Disaster Capitalism

Disaster Capitalism, Brooklyn Institute for Social Research, Winter/Spring 2017

Turn on the evening news and you will see a parade of disasters: from banking crises to pandemics, from floods to superbugs, from the instantaneous loss of life following an earthquake to the slowly accumulating effects of global climate change. Why is it that we seem to live in a uniquely calamitous age?

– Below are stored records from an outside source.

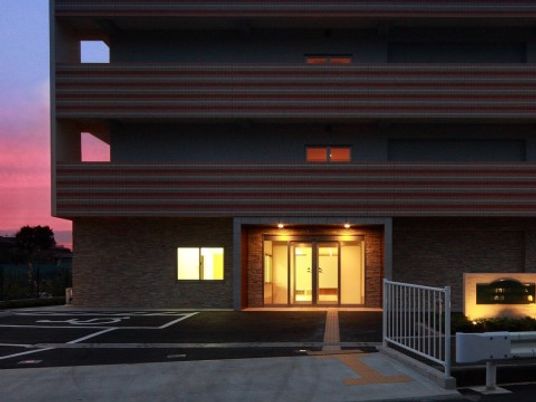 夕暮れ時の施設外観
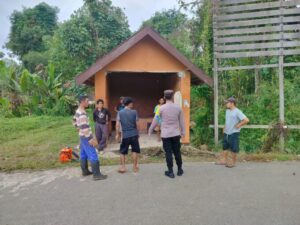 Bhabinkamtibmas Polres Lamandau, Aktifkan Satkamling di Desa Binaan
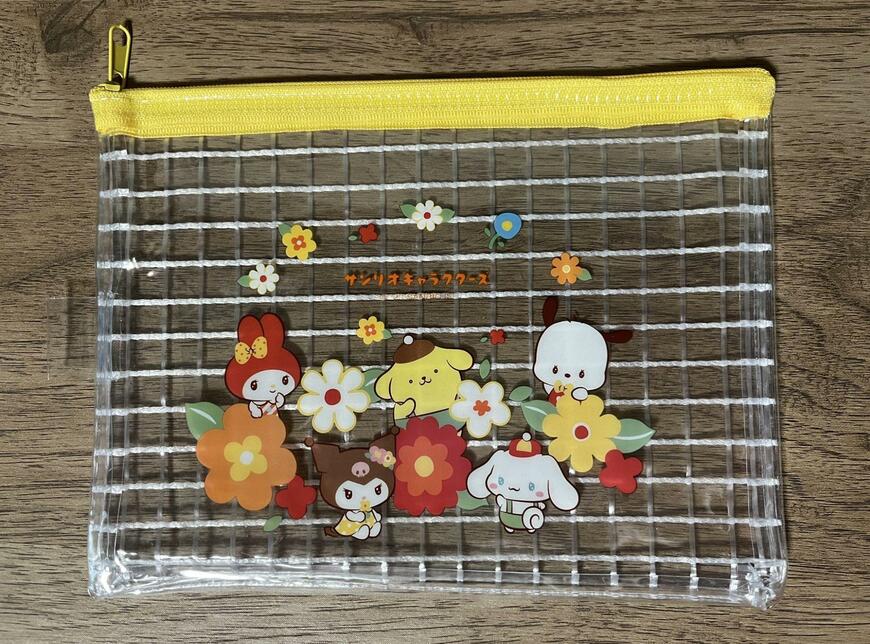 ダイソー、PVCメッシュケース B6 サンリオレトロ 画像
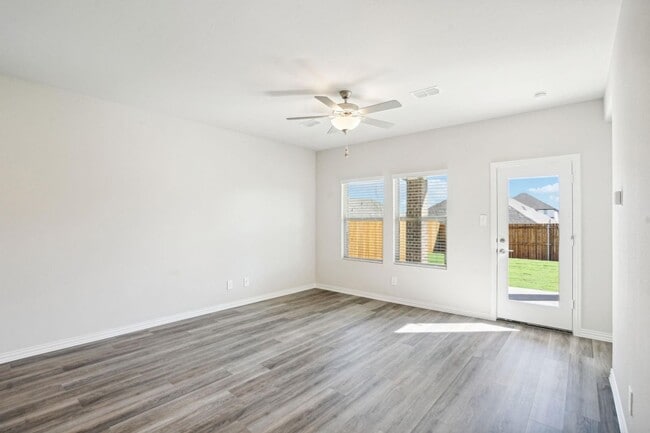 Photo - 516 Ezra Ln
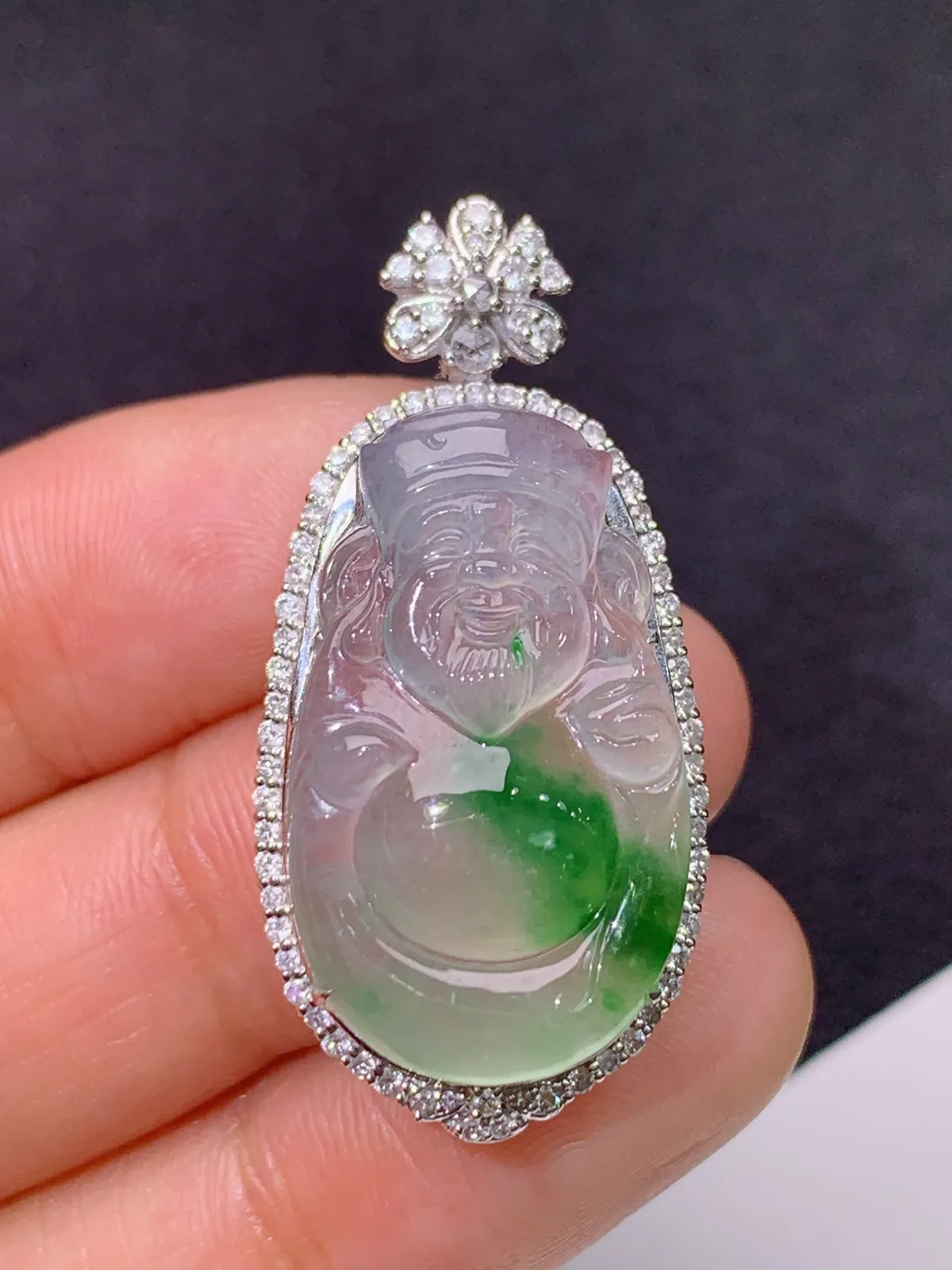 冰种飘绿财神吊坠，18k金镶嵌，冰润细腻，色阳，品相好，种水足 尺寸36.3*17.3*10.2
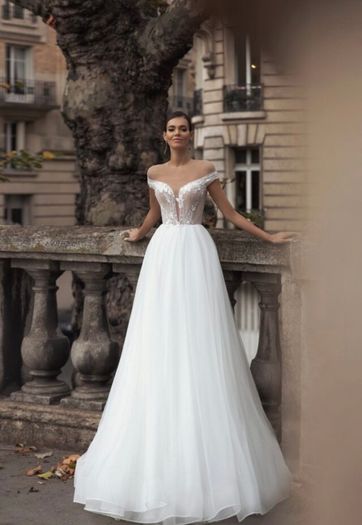 Wedding dress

This course proposes that the proliferation of risk management technologies is remaking our relationship to the future, turning the mere threat of crises into generative grounds for new business opportunities and justifying new forms of political control. In our century, technological responses to disasters seem to ameliorate conditions for some but further entrench divisions along racial and economic lines for many, failing to live up to the promise that the pooling of risk and the quantification of social goods might make a better world for all. This sets the stage for the development of what writer Naomi Klein has called “disaster capitalism”. Using this idea as a jumping off point, we will explore how theoretical frameworks from social theorists, historians, and anthropologists can help us parse the technical, affective, and political ramifications of what it means to live always at risk in a capitalist context. Readings from theorists like Karl Marx, “risk theory” sociologist Ulrich Beck, science studies scholars Donna Haraway and Bruno Latour, and British social anthropologist Mary Douglas will offer ways to frame our discussion on disasters in modern, high-tech societies. In addition, through case studies on Katrina, Fukushima, and the banking industry, we will examine what happens on the ground when disaster strikes.